* **Exercise details**
Copy verbatim the block of lines in the entries below whose first line contains "As a softshell" and whose last line contains "Close-up of a". Leave out all other lines.
* * *
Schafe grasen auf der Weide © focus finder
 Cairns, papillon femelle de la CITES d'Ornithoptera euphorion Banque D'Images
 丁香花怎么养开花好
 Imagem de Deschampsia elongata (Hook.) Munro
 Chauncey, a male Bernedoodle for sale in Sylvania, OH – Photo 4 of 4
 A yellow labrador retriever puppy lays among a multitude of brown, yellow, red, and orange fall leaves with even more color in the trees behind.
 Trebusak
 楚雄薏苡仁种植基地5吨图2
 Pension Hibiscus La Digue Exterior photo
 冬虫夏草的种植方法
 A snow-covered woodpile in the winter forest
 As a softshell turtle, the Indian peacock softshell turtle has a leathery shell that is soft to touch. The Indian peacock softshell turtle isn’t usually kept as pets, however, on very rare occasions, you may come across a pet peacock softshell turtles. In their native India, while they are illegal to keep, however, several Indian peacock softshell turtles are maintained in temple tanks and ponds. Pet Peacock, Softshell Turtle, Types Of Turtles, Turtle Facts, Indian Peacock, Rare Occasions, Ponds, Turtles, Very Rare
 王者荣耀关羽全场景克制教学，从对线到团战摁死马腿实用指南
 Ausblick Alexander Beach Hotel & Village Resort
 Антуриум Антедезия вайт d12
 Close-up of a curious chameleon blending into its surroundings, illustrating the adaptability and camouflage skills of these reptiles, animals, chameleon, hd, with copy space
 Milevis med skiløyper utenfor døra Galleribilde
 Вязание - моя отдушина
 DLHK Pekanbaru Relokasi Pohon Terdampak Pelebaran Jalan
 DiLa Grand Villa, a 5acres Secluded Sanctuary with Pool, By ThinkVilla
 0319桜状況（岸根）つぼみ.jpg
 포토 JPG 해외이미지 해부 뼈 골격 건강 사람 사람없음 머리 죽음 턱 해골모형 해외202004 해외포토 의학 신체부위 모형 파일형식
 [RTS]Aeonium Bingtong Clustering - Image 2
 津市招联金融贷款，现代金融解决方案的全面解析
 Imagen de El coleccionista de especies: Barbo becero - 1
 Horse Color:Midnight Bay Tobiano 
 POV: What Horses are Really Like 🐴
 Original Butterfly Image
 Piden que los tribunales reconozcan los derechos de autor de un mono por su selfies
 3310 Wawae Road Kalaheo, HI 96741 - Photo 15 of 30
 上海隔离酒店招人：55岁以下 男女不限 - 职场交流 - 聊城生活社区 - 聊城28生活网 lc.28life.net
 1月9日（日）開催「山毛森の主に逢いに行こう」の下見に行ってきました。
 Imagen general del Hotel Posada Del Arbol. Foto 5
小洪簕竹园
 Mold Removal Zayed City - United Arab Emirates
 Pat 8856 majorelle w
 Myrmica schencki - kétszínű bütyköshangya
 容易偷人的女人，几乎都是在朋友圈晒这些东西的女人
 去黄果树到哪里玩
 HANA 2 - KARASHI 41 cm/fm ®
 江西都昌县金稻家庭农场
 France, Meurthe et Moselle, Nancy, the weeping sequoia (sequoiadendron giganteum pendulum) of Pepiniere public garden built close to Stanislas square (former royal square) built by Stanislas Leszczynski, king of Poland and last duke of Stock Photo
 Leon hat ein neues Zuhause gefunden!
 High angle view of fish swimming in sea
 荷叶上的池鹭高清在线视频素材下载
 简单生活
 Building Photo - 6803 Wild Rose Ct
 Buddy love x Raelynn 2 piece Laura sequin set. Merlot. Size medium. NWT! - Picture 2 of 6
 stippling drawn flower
* * *
* **Result of the exercise**
 As a softshell turtle, the Indian peacock softshell turtle has a leathery shell that is soft to touch. The Indian peacock softshell turtle isn’t usually kept as pets, however, on very rare occasions, you may come across a pet peacock softshell turtles. In their native India, while they are illegal to keep, however, several Indian peacock softshell turtles are maintained in temple tanks and ponds. Pet Peacock, Softshell Turtle, Types Of Turtles, Turtle Facts, Indian Peacock, Rare Occasions, Ponds, Turtles, Very Rare
 王者荣耀关羽全场景克制教学，从对线到团战摁死马腿实用指南
 Ausblick Alexander Beach Hotel & Village Resort
 Антуриум Антедезия вайт d12
 Close-up of a curious chameleon blending into its surroundings, illustrating the adaptability and camouflage skills of these reptiles, animals, chameleon, hd, with copy space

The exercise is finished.